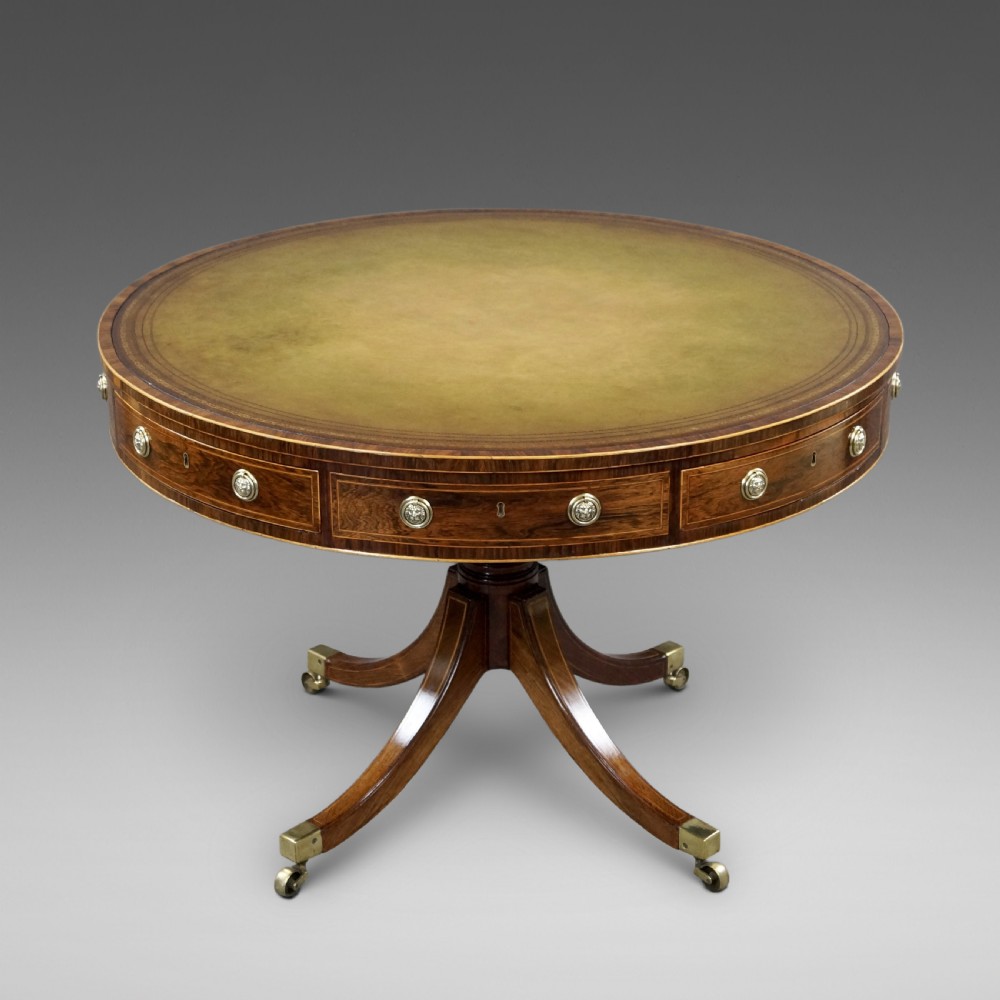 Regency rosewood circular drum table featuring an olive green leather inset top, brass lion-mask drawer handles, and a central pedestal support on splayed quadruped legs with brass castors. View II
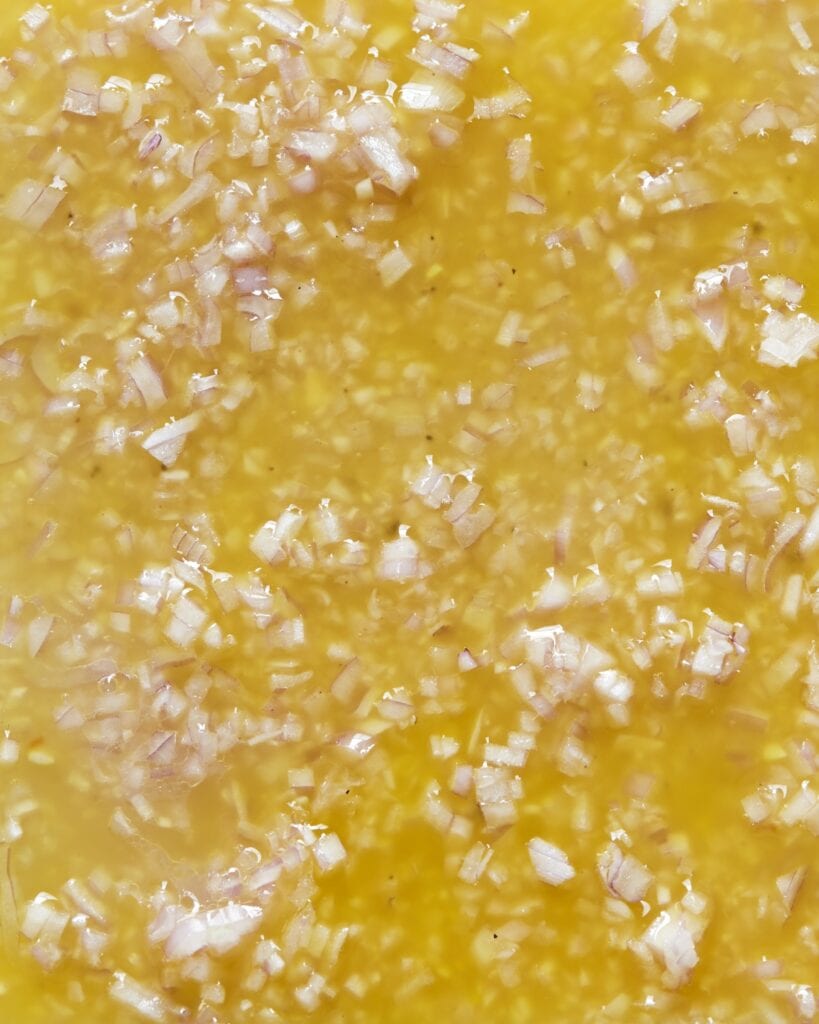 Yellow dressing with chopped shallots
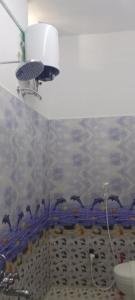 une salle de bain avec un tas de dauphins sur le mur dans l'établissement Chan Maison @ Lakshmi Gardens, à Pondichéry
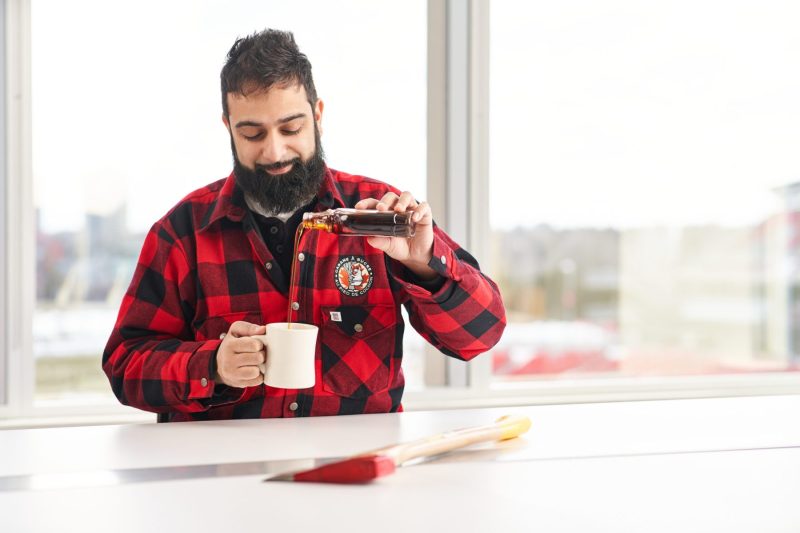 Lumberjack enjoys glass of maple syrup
...
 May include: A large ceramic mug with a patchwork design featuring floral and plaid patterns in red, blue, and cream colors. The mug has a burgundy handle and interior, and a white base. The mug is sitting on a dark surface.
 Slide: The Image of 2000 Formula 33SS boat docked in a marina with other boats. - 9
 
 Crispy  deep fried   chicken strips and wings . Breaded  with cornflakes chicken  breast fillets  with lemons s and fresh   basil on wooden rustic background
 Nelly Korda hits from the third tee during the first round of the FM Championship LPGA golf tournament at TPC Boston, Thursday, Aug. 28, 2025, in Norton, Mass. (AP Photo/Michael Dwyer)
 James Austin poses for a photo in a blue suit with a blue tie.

Prompt: Look above for every line with the word "blue" and copy it.

Task answer:
 May include: A large ceramic mug with a patchwork design featuring floral and plaid patterns in red, blue, and cream colors. The mug has a burgundy handle and interior, and a white base. The mug is sitting on a dark surface.
 James Austin poses for a photo in a blue suit with a blue tie.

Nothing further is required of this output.